AEC to reduce dominance of big Japanese auto-makers: analyst
Small Japanese auto-makers like Suzuki, Mitsubishi and Isuzu and new entrants will gain the most from the implementation of the Asean Economic Community (AEC), which will create a more level playing field for their competition against larger rivals, says Frost & Sullivan.
"However, big Japanese OEMs [original equipment manufacturers] are still likely to continue to lead the market," said Dushyant Sinha, principal consultant on automotive and transportation practice, Asia-Pacific, at the business-strategy house.
"The low level of motorisation in Asean indicates a strong growth potential, while the heavily motorised markets of Western Europe and North America represent a saturated replacement market," he said.
However, he said that given the sheer scope and complexities of various outstanding issues, there was a strong likelihood that closer to 2015 some elements of the AEC would be put on hold.

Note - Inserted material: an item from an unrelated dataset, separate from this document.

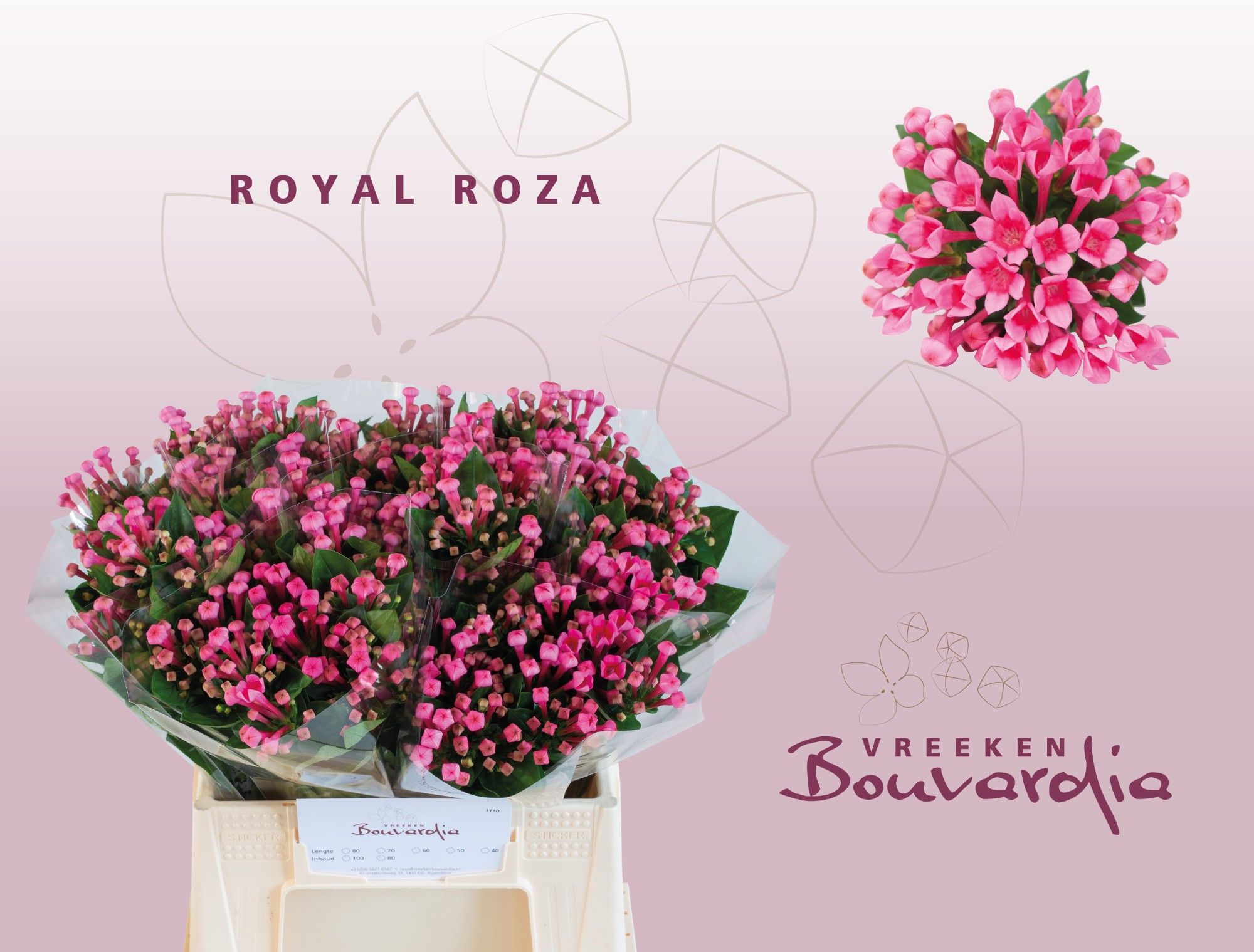 Бовардия од. Роял Роза 40 (ярко-роз.), шт.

Indonesia, Thailand and Malaysia are the key automotive markets in Asean, accounting for 89 per cent of the passenger-car market. "However, at the global level, Indonesia, Thailand and Malaysia do not figure amongst the top 15 passenger-car markets."

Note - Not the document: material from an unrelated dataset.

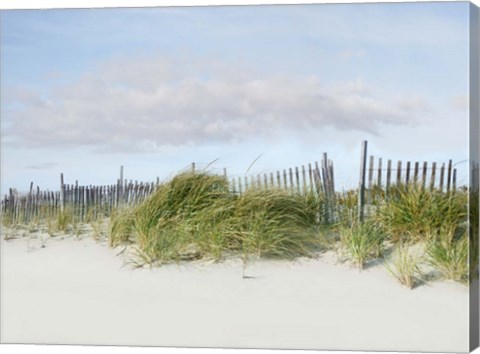 Framed Beachscape IV Print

He said the BRIC countries (Brazil, Russia, India and China) were much bigger than the key Asean markets in terms of industry volume, and competed aggressively for investment in the automotive sector. The attractiveness of those markets, led by China and India, stems from their larger economies. As an integrated market, Asean will be more competitive and a better match to the BRIC economies.
"Smaller markets, with their individual automotive sectors, will continue to be plagued with issues of productivity and efficiency. Sector integration will lend economies of scale, which in turn will help reduce costs and improve competitiveness," he said.
Sinha also said the capital-intensive nature of the automotive sector, coupled with the ever-increasing competitive pressures, pushed for increased investment, technical as well as financial, for the local industry to remain competitive and globally relevant.
He added that an integrated automotive sector would enhance Asean's attractiveness as an investment destination and help the local players, held back by limited resources, to survive. But political compulsions, accentuated by the development divide, serve as key restraints for the implementation of the AEC.
He also said local OEMs would find it a challenge to maintain their existing market positions and some degree of consolidation was expected. OEMs and suppliers should focus on increasing value and reducing the cost of safety systems.
Under the full implementation of the AEC, a structural change is likely in the automotive sector. "Local players, both OEMs and suppliers, stand to lose the most. Overall, market concentration is set to decrease," he said.